Fig. 5 Room temperature hysteresis loops of 20 nm hydrophilic Fe3O4 NPs (a), and core-shell Fe3O4@SiO2 NPs with silica shell thickness of 12.5 (b), 15 (c), and 20 nm (d). The core-shell NPs exhibit superparamagnetic properties. The Ms of the 20 nm Fe3O4 NPs is about 57.5 emu g−1 and the Ms of the core-shell NPs are about 44, 37.5, and 26 emu g−1, respectively. |
The core-shell Fe3O4@SiO2 NPs in dispersion responded quickly under an external magnetic field. Fig. 6 shows photographs of the core-shell Fe3O4@SiO2 nanoparticle dispersion and the response of these core-shell NPs under an external magnetic force. The 60 nm core-shell Fe3O4@SiO2 NPs were dispersed in ethanol with a concentration of 0.5 mg mL−1 by sonicating for several minutes. The photograph of the dispersion in Fig. 6a shows a light brown nanoparticle solution. As an external magnetic field was applied, the core-shell NPs were attracted by the magnet, leaving the ethanol solution clear and transparent (shown in Fig. 6b). Removing the external magnetic field and sonicating the solution redispersed the core-shell NPs into the solution, and the dispersion could be stable for more than 20 min. The attraction and redispersion processes can be readily altered by applying and removing an external magnetic field, showing great potential for bio-separation.

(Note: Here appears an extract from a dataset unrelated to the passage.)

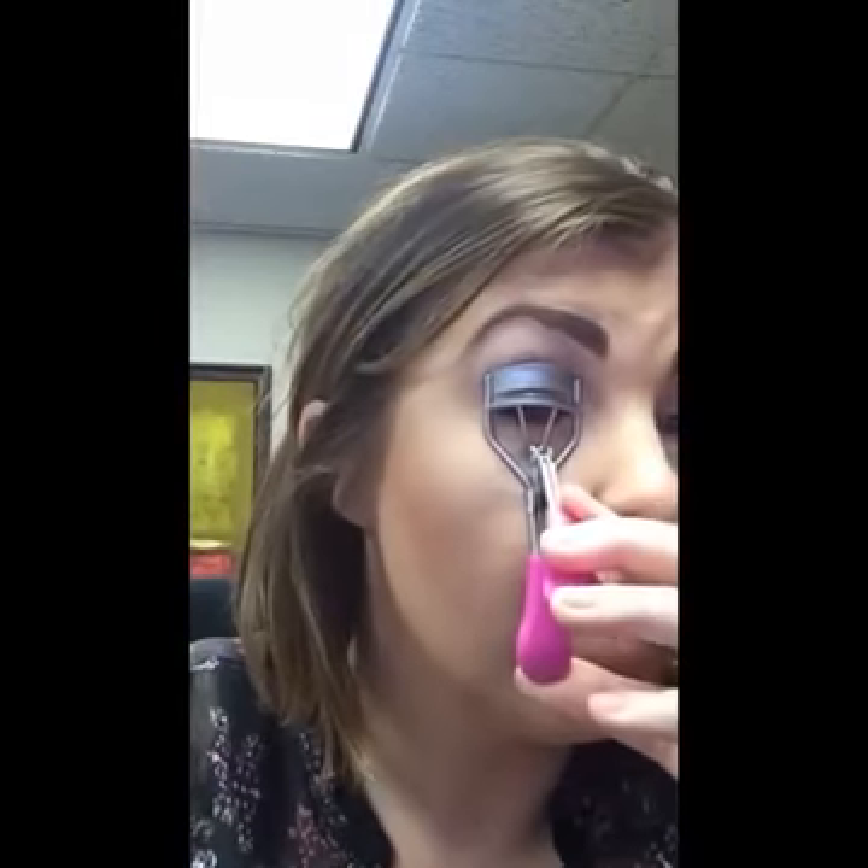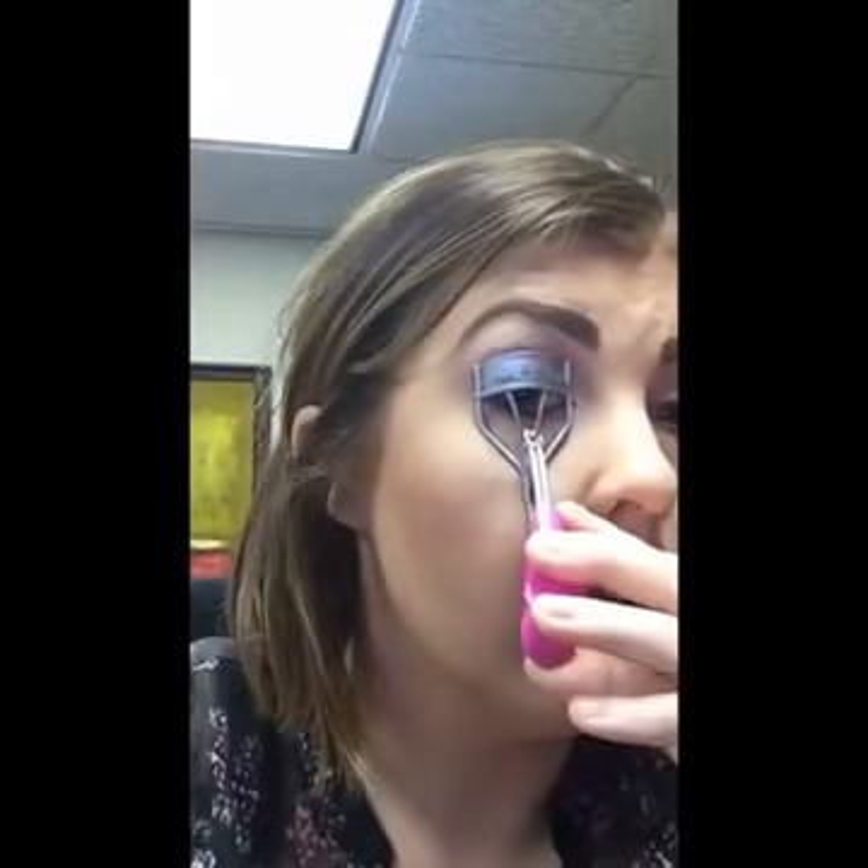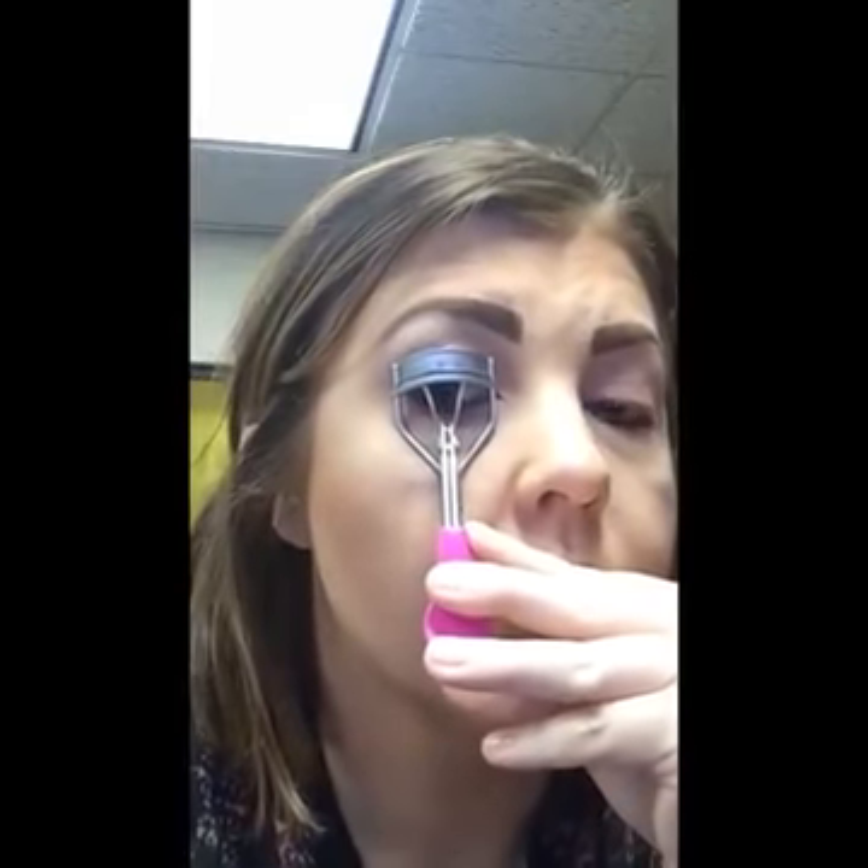Sometimes I will curl my lashes, and sometimes I won't. Any type of eyelash curler will work — just be very careful that you don't pinch your eyelids. You can see my eyelashes in there, just like that. Then we're going to do the same thing on the other eye — you just clench just like this, and you already have a little curl.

Fig. 6 Photographs of the separation and redispersion processes of magnetic core-shell Fe3O4@SiO2 NPs: (a) without external magnetic field, and (b) with external magnetic field. |
For years, a means has been sought to prepare various kinds of silica materials by the Stöber method. The formation of silica was concluded as the hydrolysis and condensation of alkoxysilanes in a mixture of ethanol, water, and ammonia.24 The chemical reaction can be briefly summarized as follows:
Si(OC2H5)4 + 4H2O → Si(OH)4 + 4C2H5OH | (1) |
Si(OH)4 → SiO2 + 2H2O | (2) |
In order to coat silica onto Fe3O4 NPs rather than forming silica spheres, it is necessary to vary the experimental parameters to optimize the synthesis. The selectivity depends strongly on the Ostwald ripening process, and the key is to tune the competition between the nucleation (hydrolysis) and growth (condensation) of silica. The silica tends to coat onto the Fe3O4 NPs as the condensation rate is much higher than the hydrolysis rate. It was previously found that lower temperature, lower pH value, lower TEOS concentration, and less H2O are predominant in facilitating the condensation process.24b, 25 In this coating experiment we found that a better performance of coating can be achieved using the mixture of 16 mL H2O, 80 mL ethanol, and 2 mL 25% ammonia solution.
The silica shell thickness of core-shell Fe3O4@SiO2 NPs was controlled in the range of 12.5 nm to 45 nm by varying the experimental parameters. Under the constant dosage of H2O, ethanol, and ammonia, it was found that three experimental parameters influence silica shell thickness: (1) the reaction time; (2) the ratio of TEOS to Fe3O4 NPs; and (3) the concentration of Fe3O4 NPs. Fig. 7 shows the size-time variation curve of the formation process of 75 nm core-shell Fe3O4@SiO2 NPs. The relation between the particle size and reaction time is consistent with the results reported before.24,26 The curve indicates that the reaction was almost saturated after 12 h.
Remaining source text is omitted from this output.